Both Chris Baker and Peter Jamtgaard voted No on the issue.
In other motion action the council approved a new and required agreement for Emergency Management Services with Chelan County at a cost of $13,643.75 for 2023 and $13,345.60 for 2024. The vote was unanimous.
Public Works Director told the Council that he had been approached by T-Mobile to put a Cell Tower on the City’s reservoir which is located east of Henderson. He said the installation would bring in approximately $20,000 each year.
Baker asked if that was the fair market value of an installation like this. Youngren replied revenue from Verizon is less then that. Asked if there were any health concerns, Shari Dietrich replied that there were issues with 5G Cell towers causing depression, anxiety and other issues with life.
A T-Mobile representative on Zoom stated that the dangers were at a level of standard. “A few hundred feet out it is comparable to holding a phone to your ear.”
McCardle asked if the homeowners in the area had any issues with its installation. It was decided to check with the area neighbors before approving the proposed project.
Public restroom at the Columbia Street location:
Paul Horne said the restrooms at the old Chamber building has been vandalized several times, but that they wanted to upgrade the facility and put more eyes on it. In addition, the upgrades would include a pedestrian walkway. “We don’t want to spend a lot of money in design work.”

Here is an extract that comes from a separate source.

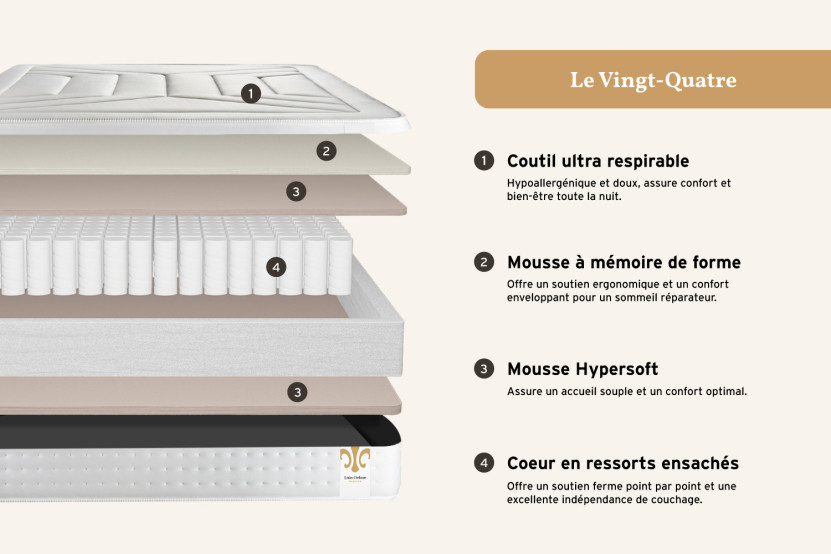 Pack lit complet 200x200 cm - Matelas + Sommier Blanc (en kit) + 2 oreillers + Couette - Vingt-Quatre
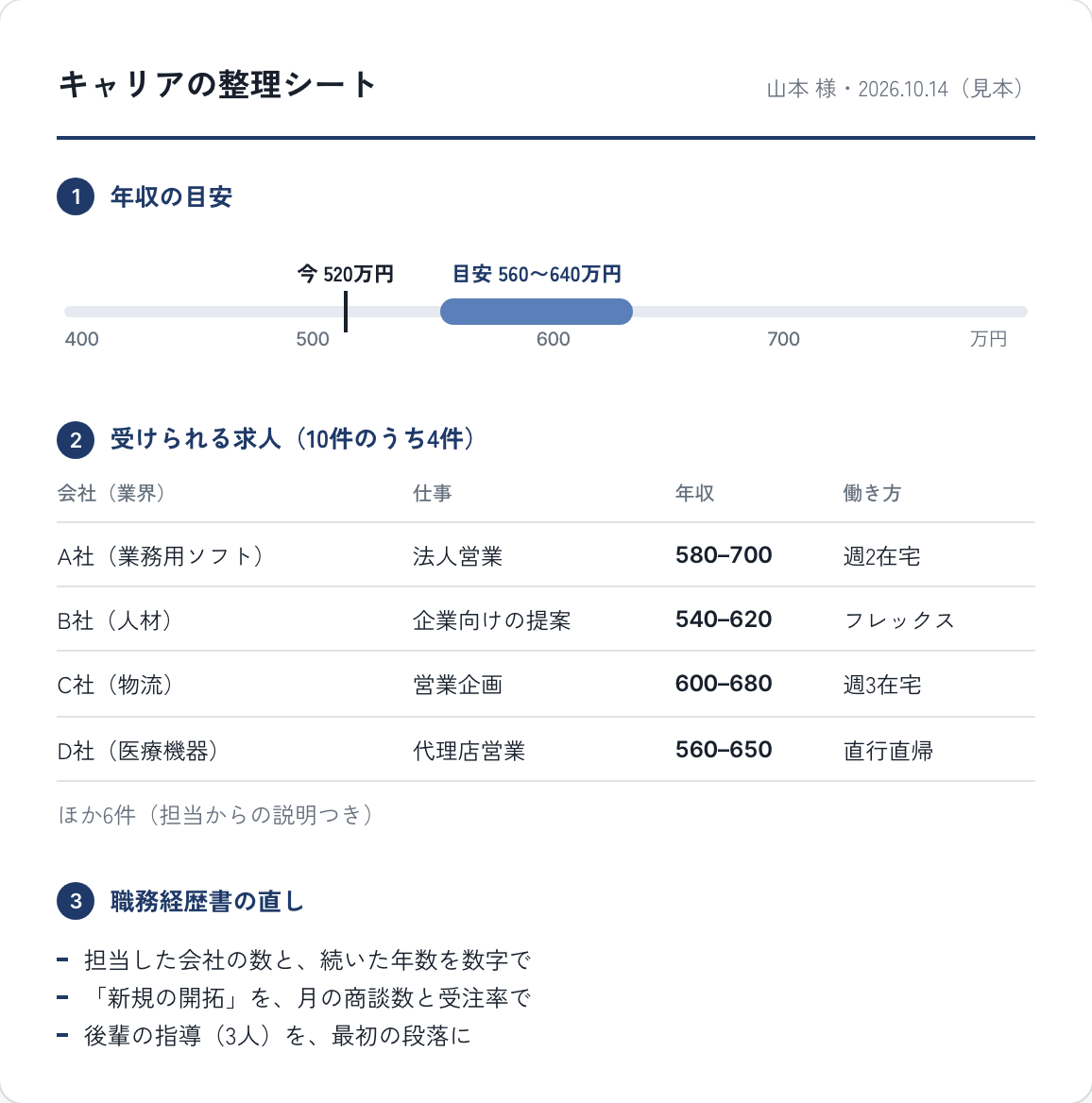 面談のあとにお渡しするシートの見本。今の年収520万円に対して、市場の目安は560〜640万円。受けられる求人の例は業務用ソフトの法人営業 580〜700万円など4件とほか6件。職務経歴書の直しが3点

Horne stated that the HDCA should be involved in any improvements to the courtyard and that funding is available for design and or development through the downtown program.
John Olson remarked that he was impressed with the track record of grant writer Annalisa Noble of T-O Engineering who has procurred $68 million over the last six years for clients.
He also mentioned the work being done by the Wenatchee group working on the Foothills trail system and that the Council would be advised to explore how they were able to fund and build the system so they could consider next steps on the Butte acquisition. He also remarked that the City needs to look at increased lake access for the growth that is coming to Chelan.
He also mentioned the new project by Rocky Pond for a 115,000 sq. ft. resort on the Columbia River in Douglas County and how that will probably impact Chelan since the city is the closest community to the project.
Erin McCardle said the City needs to be a part of the Regional conversation on growth issues. She asked about the Chelan Hills storm situation and wanted to be updated. City Administrator Wade Ferris said the Council needs to be very careful with what they say. McCardle replied that some background would be nice from a historic viewpoint.
City Clerk Peri Gallucci stated that applications for Robledo’s vacant council seat is required soon.
Peter Jamtgaard stated that the City has a lot of fires to put out on its agenda. “What is happening in the Valley will continue to accelerate.”
Mayor Goedde stated he was not willing to sell out the Butte. If acquired he is concerned with maintenance issues. He stated that the water line to the Airport was critical at this time. “We need to make it happen.”
John Ajax and Jackie Tupling both thanked the Council for their support and opportunity to move into their new positions.
Jake Youngren stated that the City has still not received the new generator for the lift station out on the south shore. “It is probably a good thing we purchased the rental generator now in service.
Paul Horne reported that registrations for the youth soccer program were complete and he thanked Mike Haerling for his work for putting it all together. “We are back in (AAU) business,” said Horne.